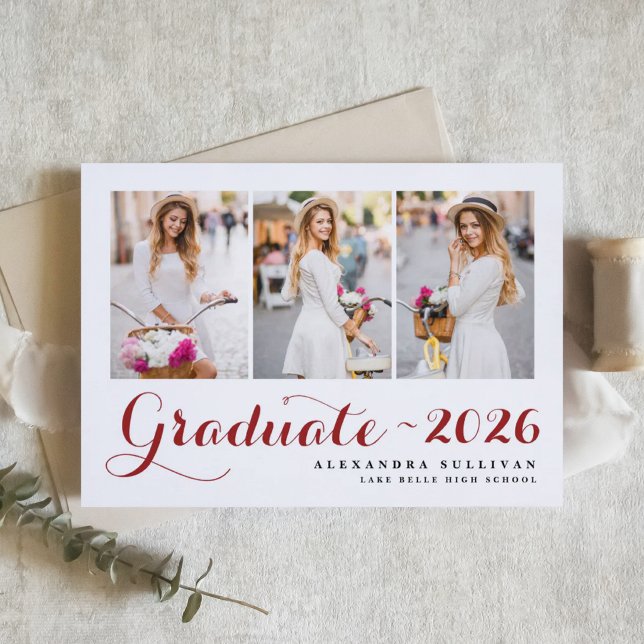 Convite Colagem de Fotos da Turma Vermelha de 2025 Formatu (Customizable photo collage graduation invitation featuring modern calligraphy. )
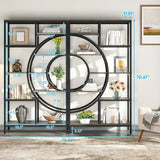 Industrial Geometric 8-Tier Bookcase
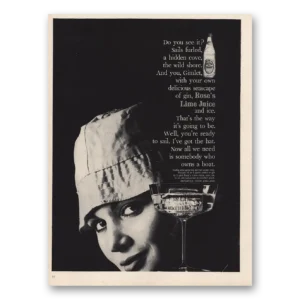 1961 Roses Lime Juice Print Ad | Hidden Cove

--

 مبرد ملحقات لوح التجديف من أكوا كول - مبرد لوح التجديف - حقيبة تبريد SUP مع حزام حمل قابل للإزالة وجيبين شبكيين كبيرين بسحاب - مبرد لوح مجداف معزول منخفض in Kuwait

Work to complete — Within the listing above, copy exactly the lines that start at the one with "Convite Colagem de" and continue through the one with "1961 Roses Lime Juice Print Ad | Hidden Cove". Omit pictures.

Solution to this task —
 Convite Colagem de Fotos da Turma Vermelha de 2025 Formatu (Customizable photo collage graduation invitation featuring modern calligraphy. )
 Industrial Geometric 8-Tier Bookcase
 1961 Roses Lime Juice Print Ad | Hidden Cove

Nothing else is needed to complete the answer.